# 64 Quarter Window Headliner Trim/molding



## pbearly (Apr 18, 2013)

I bought a 64 post car project and I've started installing the interior. Now I did not remove it so I'm figuring it out as I go. I just installed the headliner and I'm wondering what type of molding goes above/around the quarter window and holds the headliner.

Thank you


----------



## MaL (Jun 12, 2008)

I have a '66 post sedan and had the same issue as you. The post cars have little differences in them vs hardtops and not many people own them, so you end up with holes in what to do.

I'm guessing (hoping) your '64 was about the same as my '66. Below are two pics ('66) of what you're missing. It's a slender piece of metal held in place by two screws. Without it, you have nowhere to tuck the headliner into at those points.

Also, be aware, the rear window on mine has about 3 metal pieces that screws in. It goes all the way down the sides of the window too. You can see it in the first picture. Without that you'll be tucking the headliner into the wrong gap.

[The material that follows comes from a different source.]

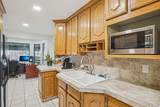 11743 700 - Photo 11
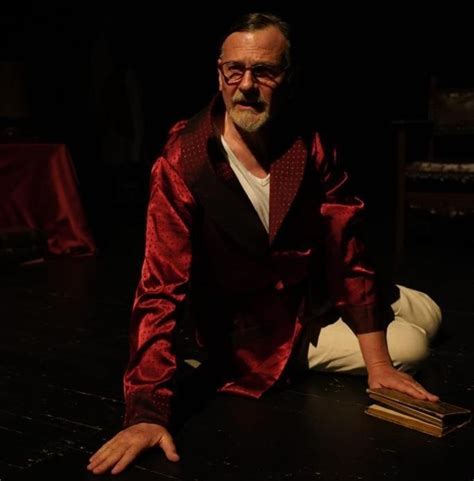Scena di uno spettacolo teatrale su Freud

The silver/light gray metal in this photo is the piece above the qtr window as well as around the rear window-


Fuzzy pic, but all I have for an up close pic.


----------



## pbearly (Apr 18, 2013)

Yeah, I have all that and have my headliner installed. I did install the front and rear headliner trim but there is nothing to fill the same type of tucking groove that is around the quarter window. I'm guessing a piece of windlace would do it, I did put windlace around the door opening (one piece but was thinking it might need to go around the rear quarter.


----------



## MaL (Jun 12, 2008)

A big difference between yours and mine at that point in the qtr window is I have earmuffs and your '64 does not. Sorry I can't be of more help. But I do have windlace running from the front of the driver window all the way back down the qtr window...all one single length of windlace.


----------



## pbearly (Apr 18, 2013)

Yeah I ordered some more windlace so I can run from the front to back. Then another piece down the B pillar


----------